Great Story to hear about.

I've never heard anything bad about their customer service, in fact my bowtech and mathews local dealer says that pse/ar are probably better than mathews and bowtech to him. Not that the other 2 are bad, because their not. 

Good going PSE!


----------



## BearSlayr (Jan 23, 2006)

PSE has the best customer service bar none. I had a 98' Nova and discovered a crack in the limb this past october. I got ahold of Jay Salo at PSE and he informed me that my Nova only had a five year warranty on the limbs but they would change them anyway at no cost to me.:mg: I was floored with the service i had got from PSE. Nobody in the biz has better service. Heck they even put a new set of string and cables. Just for that my next bow will most definately be a PSE.


----------



## JTM80 (May 4, 2006)

Had a Cabelas outfitter bow which turned out to be made by pse. Bow did not want to paper tune so local dealer sent bow back. They fixed problem, installed new strings, Teflon cable slide, and redipped bow in new mossy oak FREE of charge. The work done probably cost more than originally paid for bow! Awesome customer service!!!!! PSE rocks in my book.


----------



## grouse (Dec 9, 2003)

Only good things from PSE customer service.


----------



## leon j chartier (Dec 12, 2004)

grouse said:


> Only good things from PSE customer service.

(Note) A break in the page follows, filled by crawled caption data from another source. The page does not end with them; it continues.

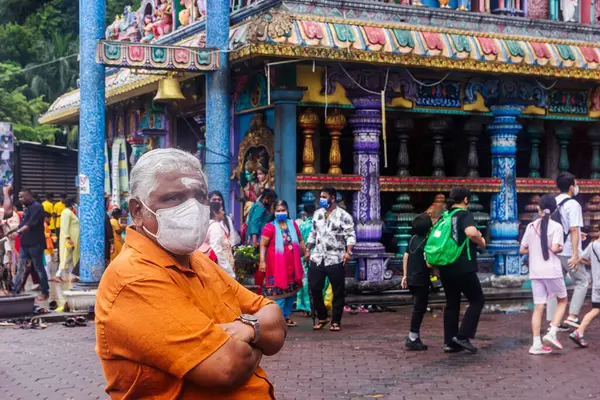 Batu Mağaraları, Kuala Lumpur, Malezya - 24 Ocak 2023: Batu Mağaraları 'nda maske ve turuncu tişört giyen yaşlı bir adamın portresi. Geleneksel bir Hindu hayranı..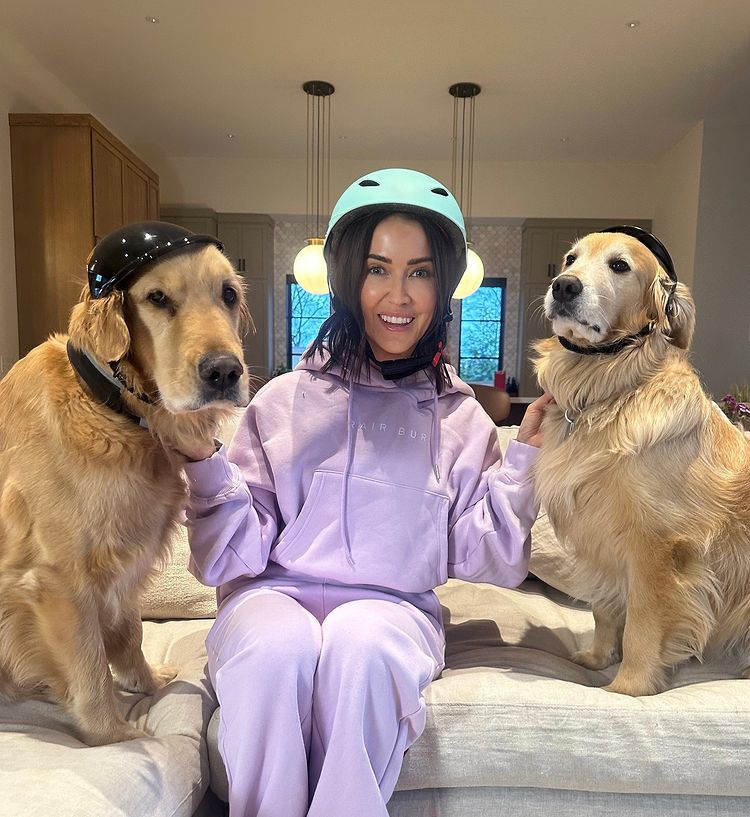 A woman and her two dogs wearing helmets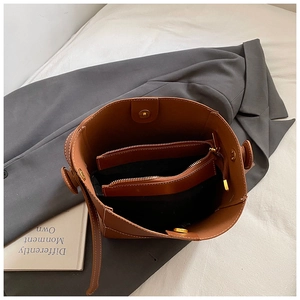 Brown leather bucket bag with internal zipper compartment and magnetic closure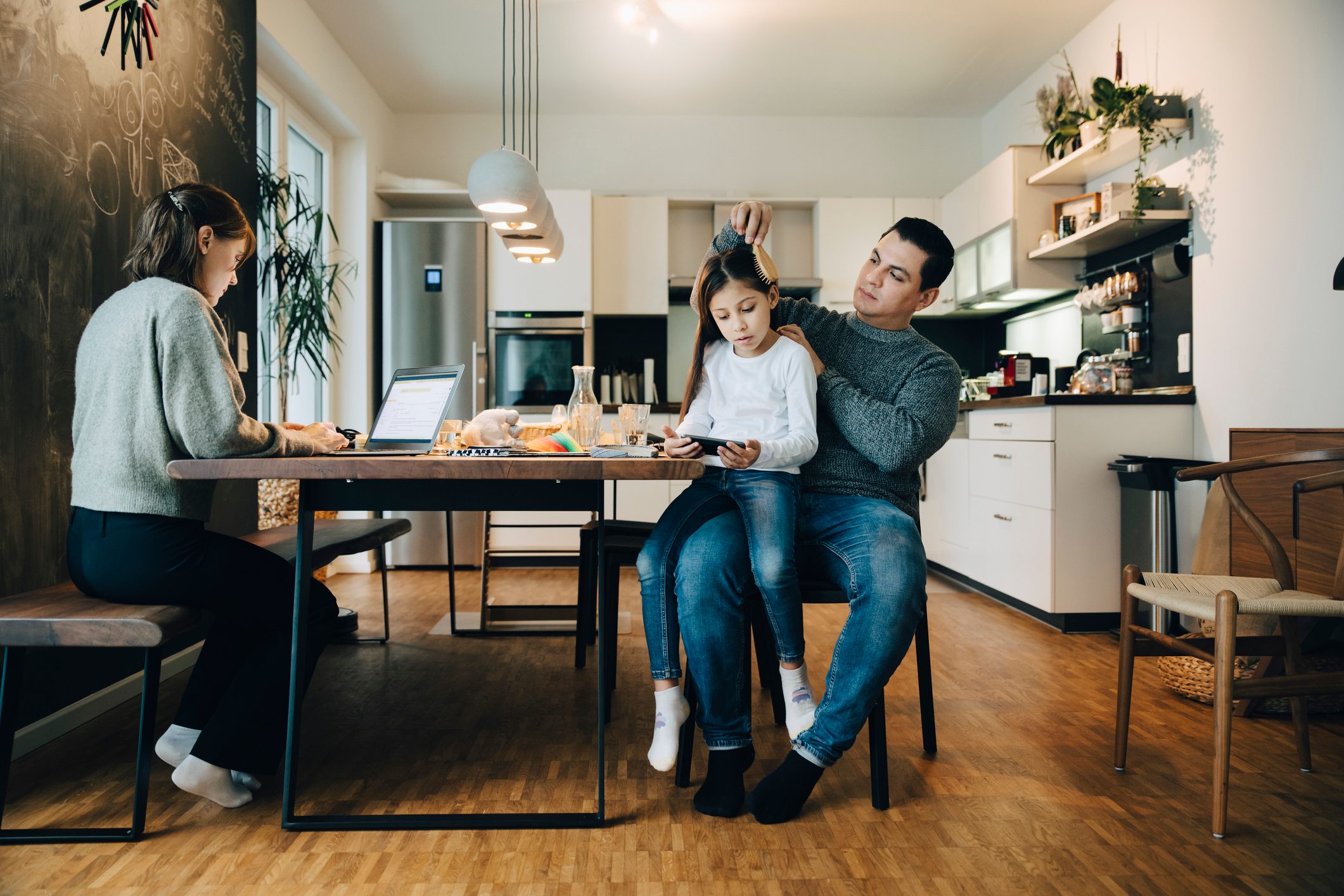 Father combing daughter's hair while mother working over laptop at home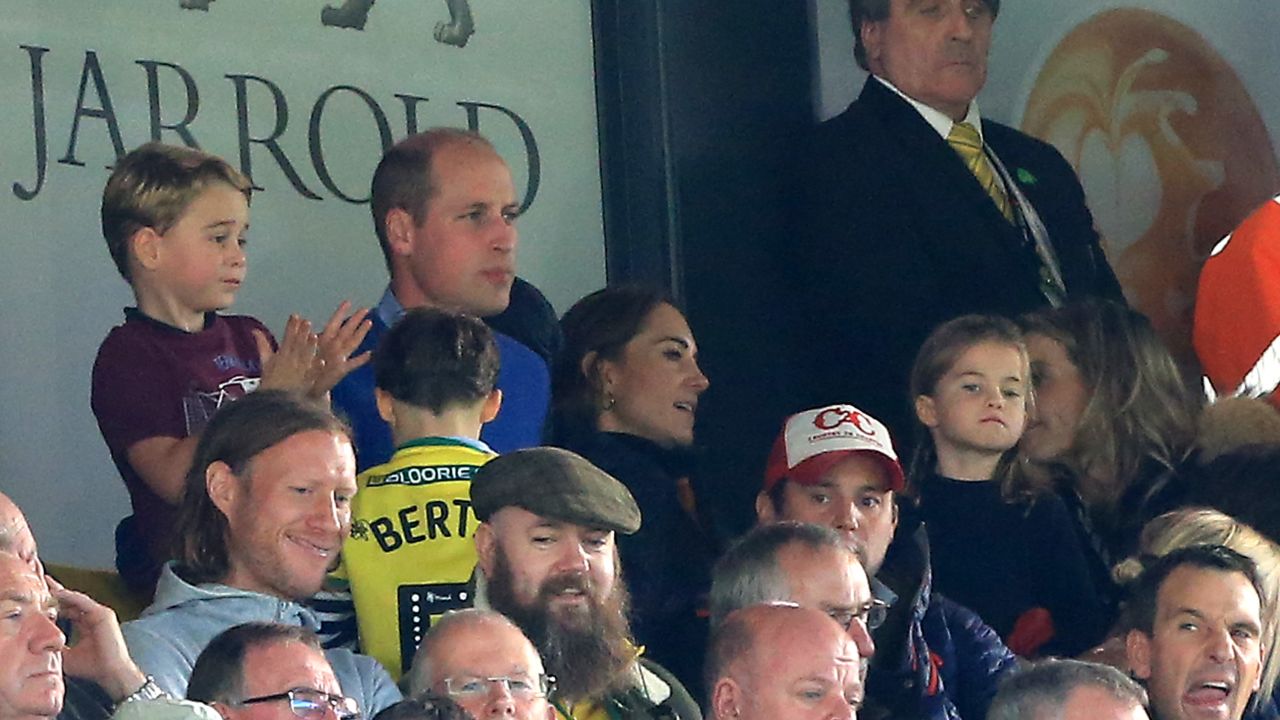 NORWICH, ENGLAND - OCTOBER 05: Prince George of Cambridge,  Prince William, Duke of Cambridge and Catherine, Duchess of Cambridge and Princess Charlotte of Cambridge are seen in the stands during the Premier League match between Norwich City and Aston Villa at Carrow Road on October 05, 2019 in Norwich, United Kingdom. (Photo by Stephen Pond/Getty Images)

Yep theres an AS***LE in every crowd. 
I bought a used ar-37 a few years back and the camo was peeling around the grip.My local dealer sent it back to PSE and a week later I got it back.
It was re dipped had new limbs on it also new strings.I basically got a new bow.
Pse rocks in my book:thumbs_up


----------



## grouse (Dec 9, 2003)

leon j chartier said:


> I bought a used ar-37 a few years back and the camo was peeling around the grip.My local dealer sent it back to PSE and a week later I got it back.
> It was re dipped had new limbs on it also new strings.I basically got a new bow.
> Pse rocks in my book:thumbs_up



What are you smoking? Im praising their customer service! You need to read a little more carefully!


----------



## Byron (May 14, 2005)

PSE/Archery Research customer service has been absolutely excellent the times I've dealt with them.

Best Regards,
Byron


----------